• _REQUIRED ACTION_
Only the pictures are dropped. Restate each line below word for word.

• _ENTRIES SUPPLIED_
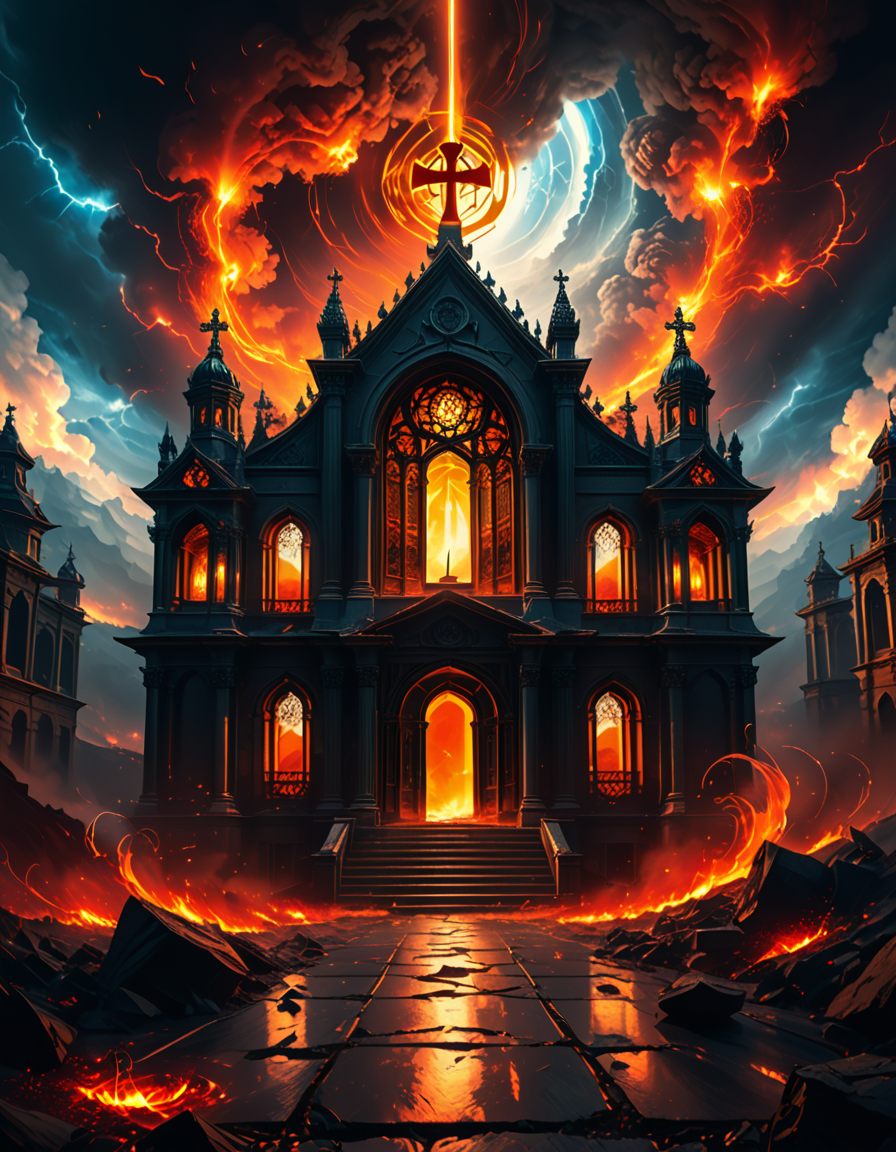 A once-majestic celestial temple, now under siege by the forces of Hell. The grand white stone structure is cracked and scorched, its golden crosses twisted and broken. The stained-glass windows, once glowing with warm divine light, are now shattered, with demonic symbols glowing ominously in their place. The sky, once a serene blue, is now consumed by dark storm clouds, swirling with red lightning and thick smoke.
Black, jagged chains extend from the sky, wrapping around the temple as if trying to pull it down into the abyss. The once-fluffy clouds beneath the structure are now a chaotic mix of fire, ash, and dark mist, with glimpses of molten lava cracks below. Infernal creatures with glowing red eyes lurk in the shadows, their silhouettes barely visible through the smoke and fire.
The temple doors are blown open, revealing an eerie red glow emanating from within, as if Hell itself is consuming the sacred space. Massive demonic runes are etched into the stone, pulsating with an unholy energy. The entire scene is bathed in a deep crimson and orange glow, giving it an apocalyptic and nightmarish atmosphere.
Style & Lighting:
- Dark fantasy, highly detailed
- Dramatic, high-contrast lighting with fiery glows
- Cinematic composition, epic scale
- Strong use of shadows, embers, and atmospheric foghighly detailed and atmospheric view from inside a massive birdcage, large enough for a human to stand inside. The cage is made of ornate, aged metal bars with intricate Victorian-style patterns, curving elegantly towards the domed ceiling. Sunlight filters through the gaps between the bars, casting long, dramatic shadows on the wooden floor. Delicate vines and small flowers have begun to grow around the bars, adding a touch of nature reclaiming the space. The background beyond the cage is blurred, hinting at a lush garden or a mysterious, abandoned mansion. The ambiance is serene yet slightly melancholic, with warm golden light illuminating dust particles floating in the air. Soft feathers are scattered on the floor, adding to the sense of quiet abandonment. The perspective makes the viewer feel as if they are inside the cage, looking outward, surrounded by both beauty and confinement. The style is highly detailed and realistic, with a cinematic and slightly surreal atmosphere.
<lora:SDXLFaeTastic2400:0.4> <lora:extremely_detailed:0.4> extremely detailed,evil celestial t3mpl3, <lora:evil_celestial_t3mpl3-p:1>, Masterpiece,best quality,hi res,8k,hi res,8k,award winning,(sharp focus, intricate, highly detailed),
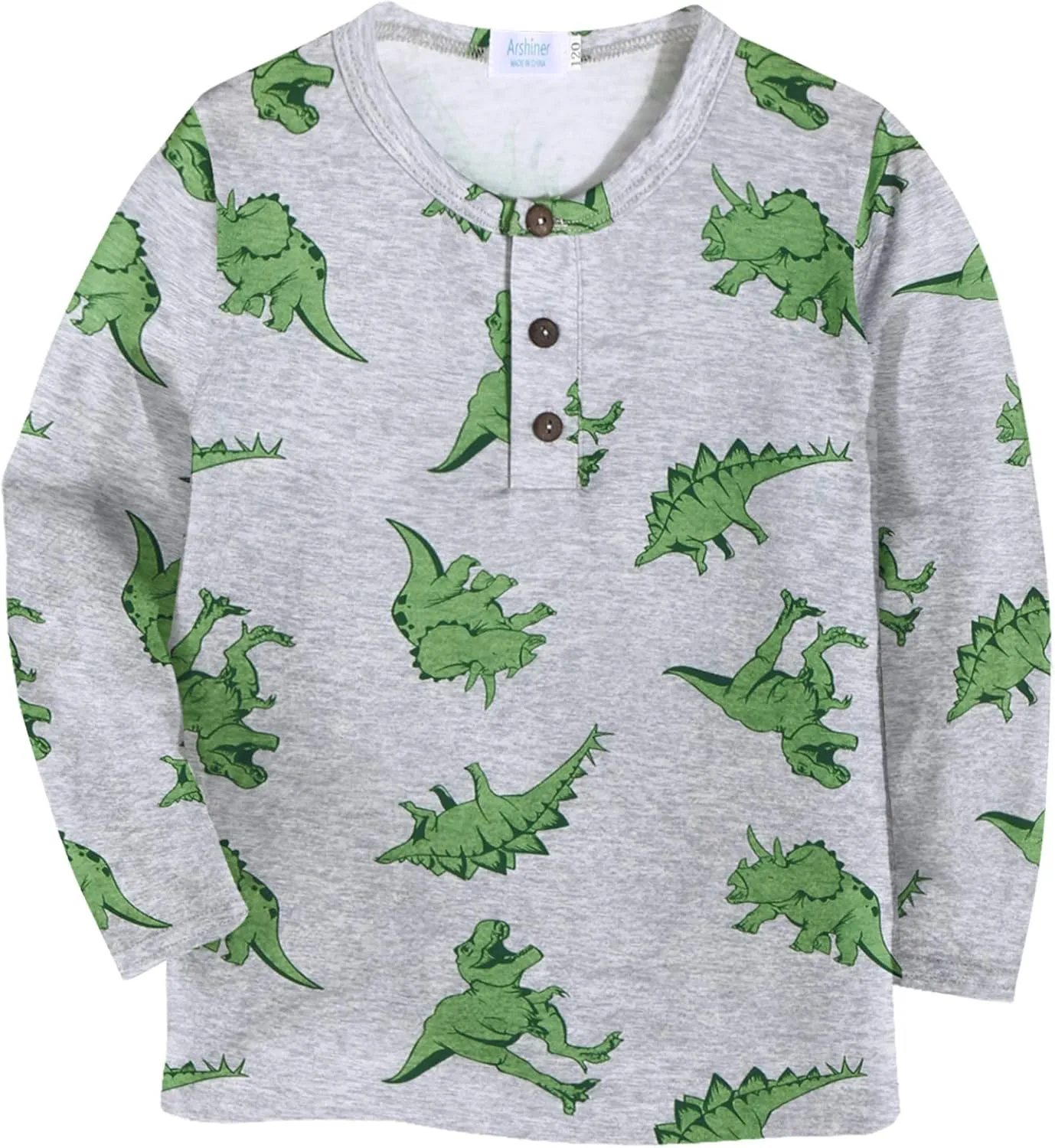 Arshiner Toddler Boys 3 Pack Long-Sleeve Henley T-Shirts Casual Cotton Graphic Shirt for 2-9 Years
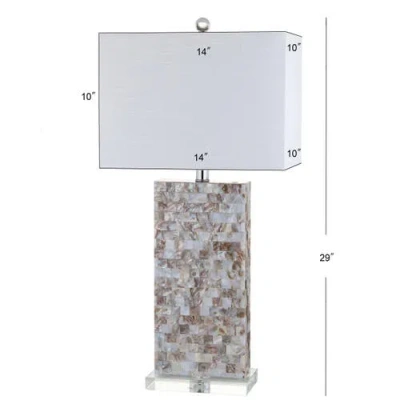 Jonathan Y Cannon 29" Seashell And Crystal Led Table Lamp, Natural/clear In Natural/clear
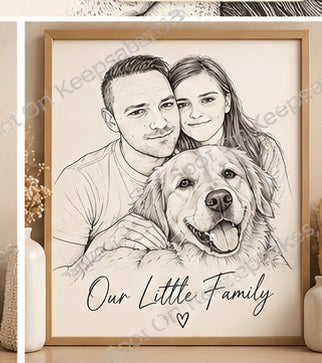 Spot on Keepsakes personalised fine line art portrait family pet framed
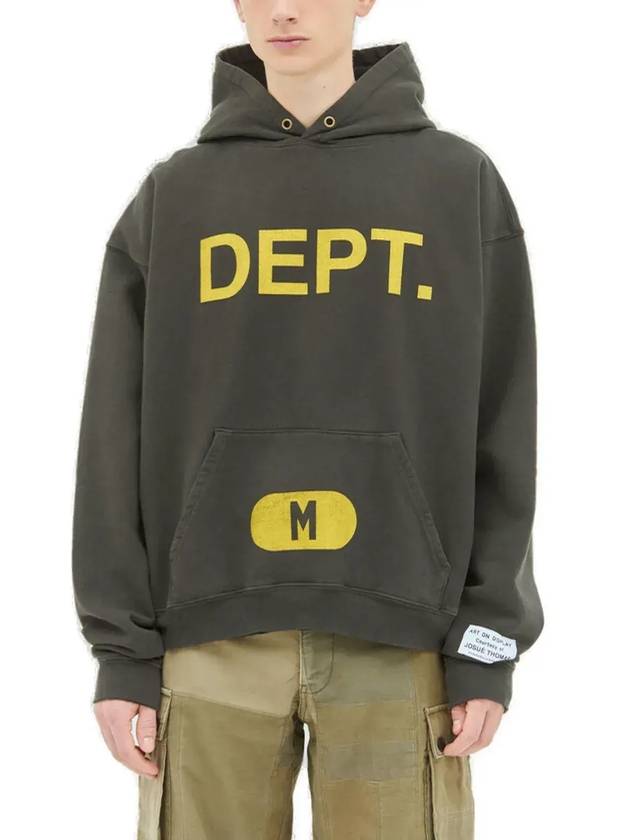 갤러리 부서 로고 프린트 긴팔 후드 티셔츠 SLH50011_BLACK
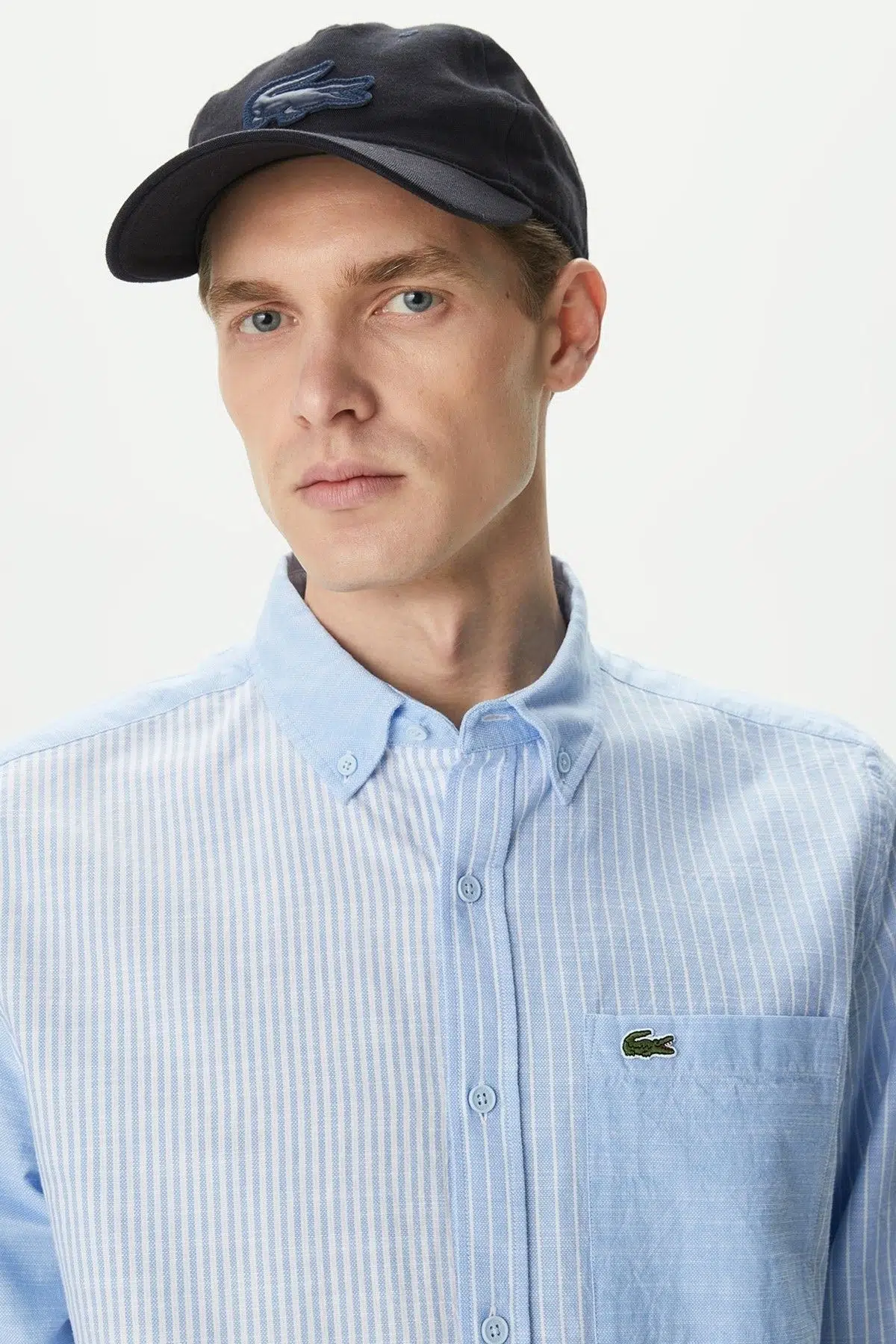 Lacoste Men's Regular Fit Button-Down Collar Linen Shirt Blue Erkek Düğmeli Yaka Keten Çizgili Gömlek Mavi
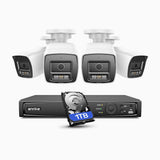 ANNKE H1200 4K 12MP 8 Kanal PoE Überwachungskamera-Set mit 4 Kameras, 1TB integrierte Festplatte, Farbe & IR Nachtsicht, Erkennung von Menschen & Fahrzeugen, H.265+, Eingebautes Mikrofon, Max. 512 GB lokaler Speicher, IP67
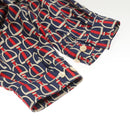 GUCCI Long Sleeved Shirt Silk 46 Red Navy Auth ym054M-6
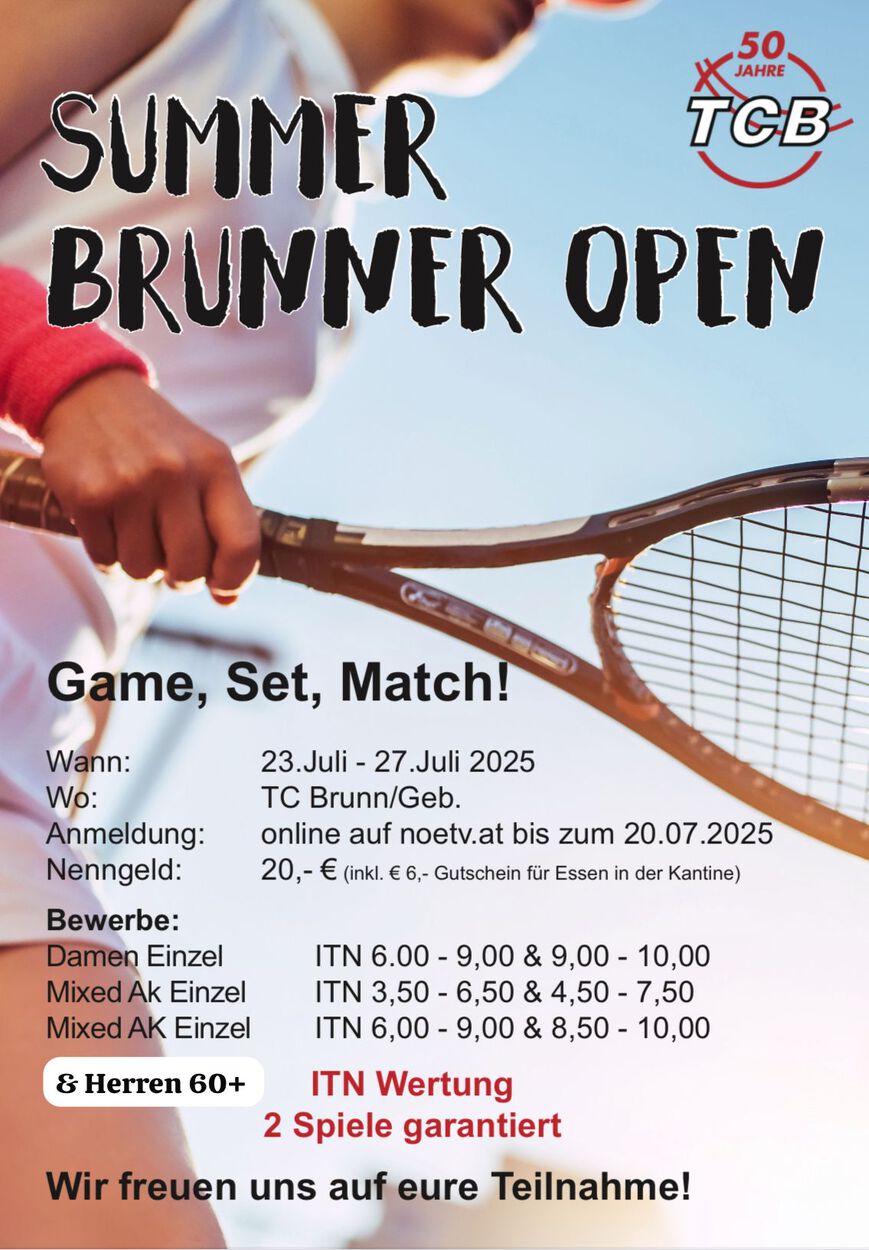 ITN SUMMER  BRUNNER OPEN  23. bis 27. Juli 2025
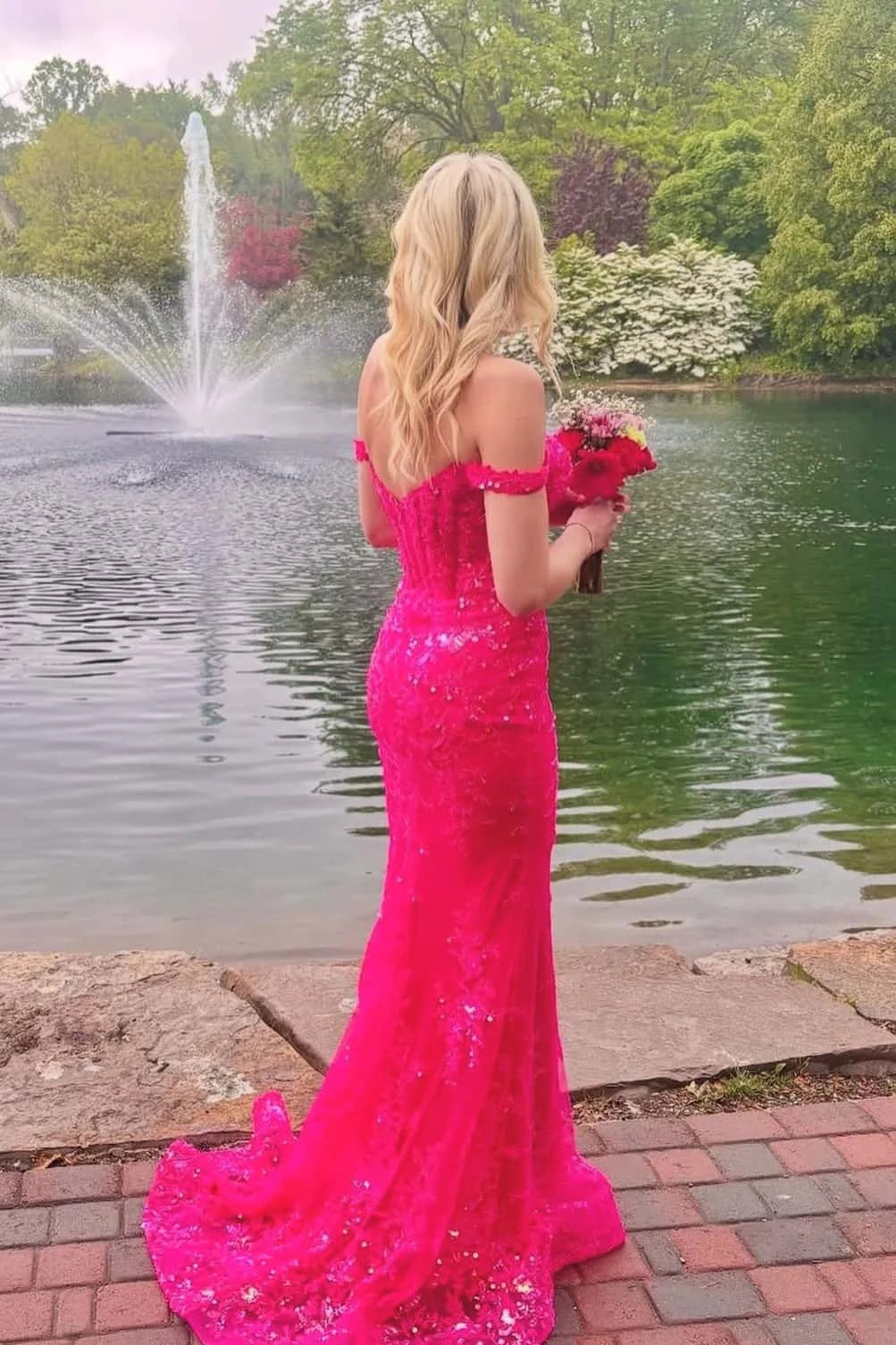 Hot Pink Off-Shoulder Mermaid Fully Lace Party Prom Dress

• _RESPONSE BOX_
 A once-majestic celestial temple, now under siege by the forces of Hell. The grand white stone structure is cracked and scorched, its golden crosses twisted and broken. The stained-glass windows, once glowing with warm divine light, are now shattered, with demonic symbols glowing ominously in their place. The sky, once a serene blue, is now consumed by dark storm clouds, swirling with red lightning and thick smoke.
Black, jagged chains extend from the sky, wrapping around the temple as if trying to pull it down into the abyss. The once-fluffy clouds beneath the structure are now a chaotic mix of fire, ash, and dark mist, with glimpses of molten lava cracks below. Infernal creatures with glowing red eyes lurk in the shadows, their silhouettes barely visible through the smoke and fire.
The temple doors are blown open, revealing an eerie red glow emanating from within, as if Hell itself is consuming the sacred space. Massive demonic runes are etched into the stone, pulsating with an unholy energy. The entire scene is bathed in a deep crimson and orange glow, giving it an apocalyptic and nightmarish atmosphere.
Style & Lighting:
- Dark fantasy, highly detailed
- Dramatic, high-contrast lighting with fiery glows
- Cinematic composition, epic scale
- Strong use of shadows, embers, and atmospheric foghighly detailed and atmospheric view from inside a massive birdcage, large enough for a human to stand inside. The cage is made of ornate, aged metal bars with intricate Victorian-style patterns, curving elegantly towards the domed ceiling. Sunlight filters through the gaps between the bars, casting long, dramatic shadows on the wooden floor. Delicate vines and small flowers have begun to grow around the bars, adding a touch of nature reclaiming the space. The background beyond the cage is blurred, hinting at a lush garden or a mysterious, abandoned mansion. The ambiance is serene yet slightly melancholic, with warm golden light illuminating dust particles floating in the air. Soft feathers are scattered on the floor, adding to the sense of quiet abandonment. The perspective makes the viewer feel as if they are inside the cage, looking outward, surrounded by both beauty and confinement. The style is highly detailed and realistic, with a cinematic and slightly surreal atmosphere.
<lora:SDXLFaeTastic2400:0.4> <lora:extremely_detailed:0.4> extremely detailed,evil celestial t3mpl3, <lora:evil_celestial_t3mpl3-p:1>, Masterpiece,best quality,hi res,8k,hi res,8k,award winning,(sharp focus, intricate, highly detailed),
 Arshiner Toddler Boys 3 Pack Long-Sleeve Henley T-Shirts Casual Cotton Graphic Shirt for 2-9 Years
 Jonathan Y Cannon 29" Seashell And Crystal Led Table Lamp, Natural/clear In Natural/clear
 Spot on Keepsakes personalised fine line art portrait family pet framed
 갤러리 부서 로고 프린트 긴팔 후드 티셔츠 SLH50011_BLACK
 Lacoste Men's Regular Fit Button-Down Collar Linen Shirt Blue Erkek Düğmeli Yaka Keten Çizgili Gömlek Mavi
 ANNKE H1200 4K 12MP 8 Kanal PoE Überwachungskamera-Set mit 4 Kameras, 1TB integrierte Festplatte, Farbe & IR Nachtsicht, Erkennung von Menschen & Fahrzeugen, H.265+, Eingebautes Mikrofon, Max. 512 GB lokaler Speicher, IP67
 GUCCI Long Sleeved Shirt Silk 46 Red Navy Auth ym054M-6
 ITN SUMMER  BRUNNER OPEN  23. bis 27. Juli 2025
 Hot Pink Off-Shoulder Mermaid Fully Lace Party Prom Dress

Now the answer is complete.